On Sunday night, we headed down to the dusk ceremony at Har-Ki-Pauri along with thousands of Indians along the banks of the Ganges. It was hard to understand exactly what was happening, as the crowds were large and the ceremony unfamiliar, but many things were poured into the river, many things were lit on fire, and many photos were taken. While the rituals themselves escaped me, I felt a very authentic, spiritual awareness present in Haridwar. Indians had traveled from far distances to visit the local temples, bathe in the holy waters, and witness the Har-Ki-Pauri twice daily ceremony. It was very, uniquely Indian.

har ki pauri_3

In contrast, our next stop on the tour was Rishikesh, another city located on the banks of the holy Ganges. Rishikesh is world-renown for a very non-Indian phenomena- namely the Beatles White Album, which they composed in a local ashram (read: yoga sanctuary) in the late sixties. While also a holy city, with numerous Hindu temples and hoards of Indian tourists, it exudes a different energy than that of Haridwar. Characterized by the overwhelming presence of Western-themed restaurants featuring a plethora of muesli (seriously, i’ve never seen an item so prevalent!), German cakes, and Italian offerings, and seemingly overrun with dreadlocks, Rishikesh stands in stark contrast to our other Ganges experience.

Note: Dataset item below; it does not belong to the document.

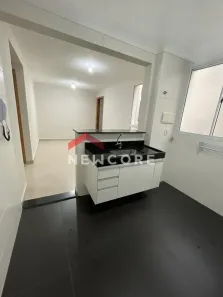 Apartamento com 2 Quartos à venda, 47m² no Parque Roosevelt, Bauru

It goes without saying that Rishikesh was a very beautiful and “easy” place to reside and thus the concentration of westerners seems logical given the amenities of the locale. There are yoga studios on every corner and ashrams around every bend. The main contrast to Haridwar, was this obvious catering to Western interests. The Indian tourists seemed to venture onto the “Western banks” to visit temples or set up their white water raft down the Ganges (Yes- I rafted the Ganges, and it was really fun!), but there was much less a feeling of pilgrimage, religion, and ritual. Not necessarily a bad thing, just very different.


But the sunsets were spectacular, the beaches pristine, and the wifi plentiful.